Coetzee promises to bring ‘bold style of play’ to SA rugby
Allister Coetzee was yesterday named as the successor to Heyneke Meyer, to coach the Springboks.
JOHANNESBURG - New Springbok coach Allister Coetzee has promised to bring a bold style of play to South African rugby.
The former Stormers coach was yesterday named as the successor to Heyneke Meyer.
The Cape Town-based franchise was heavily transformed under Coetzee's watchful eye, something he maintains is high on his priority list.
Coetzee is confident he can send the Springboks back to the top of the International Rugby Board world rankings.
Tasked with breathing some fresh air into South African rugby, Coetzee says he has a winning formula.
"If they believe in it and they're buying into to it, then we'll have the Springbok team that can go anywhere and any part of the world and do their best."
There has been no word on who Coetzee will appoint as his captain, with that decision only expected to take place closer to his first test against Ireland in June.
Coetzee has described his appointment as an emotional rollercoaster.
Despite missing out on the job in 2008 after being assistant coach to Jake White, who lead the country to its second World Cup title a year earlier, Coetzee says he kept focusing on the task at hand.
The rugby coach has described the Springboks as a team that belongs to the country, and that he is not his own.

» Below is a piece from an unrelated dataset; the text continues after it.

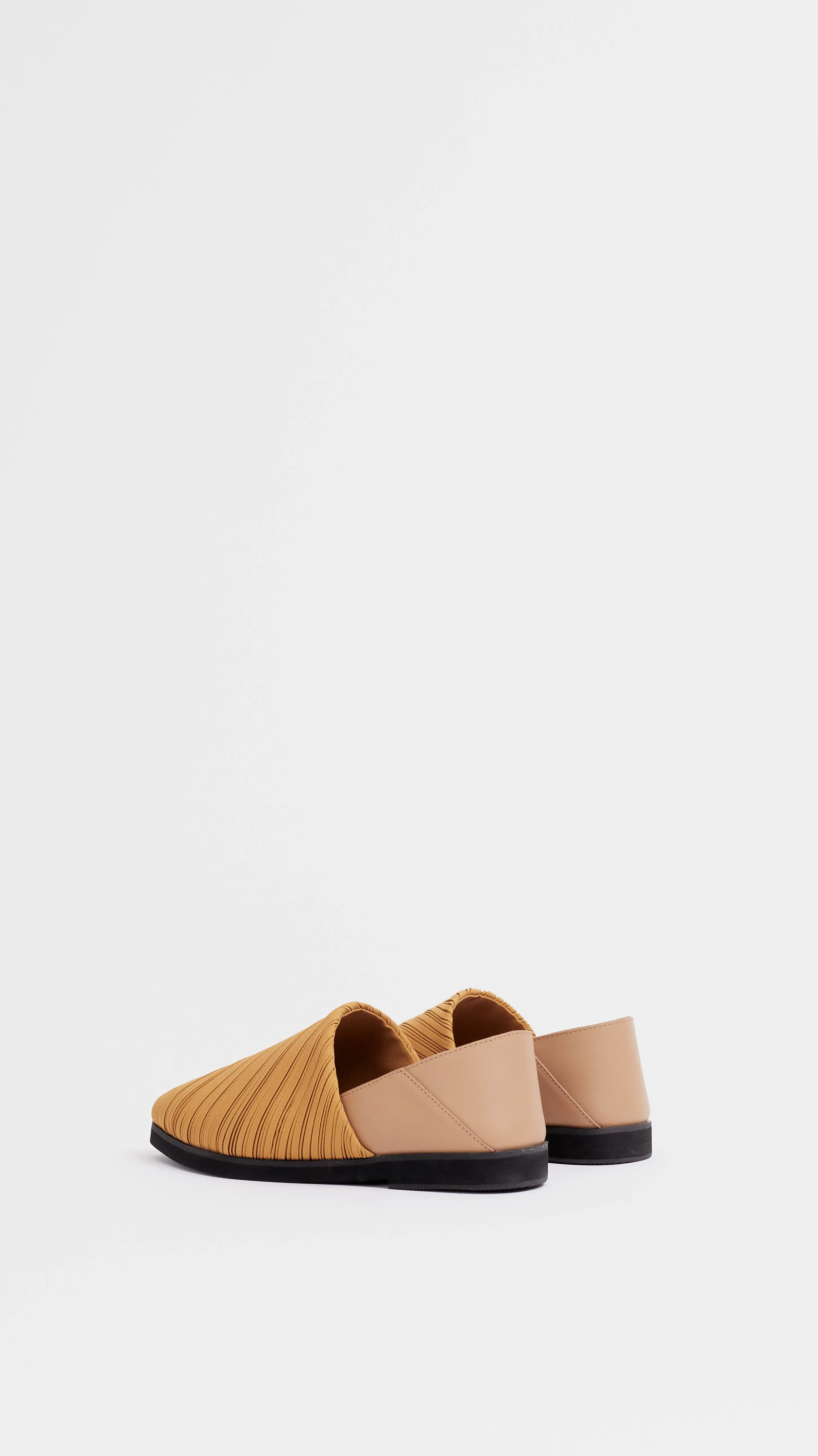 Slip-On Shoe in Caramel Brown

LISTEN: Allister Coetzee speaks to 702'S John Robbie about his new job as Springboks coach.
MBALULA: WE ARE ON TRACK WITH TRANSFORMATION
Sports Minister Fikile Mbalula said South African rugby is on track with the country's transformation goals with new Springbok coach now at the helm.
His assistants will now be Johan van Graan and former Blitzbok Mzwandile Stick.
Mbalula said critics have overstated the transformation issues.
"[With] transformation, we are on track, like [SA Rugby CEO] Jurie [Roux] explained, we have six dimensions that we have agreed upon. We are no longer speaking out of turn. On the question about critics, they want to sensationalise the issue and want to make us look as if we are not doing anything about it."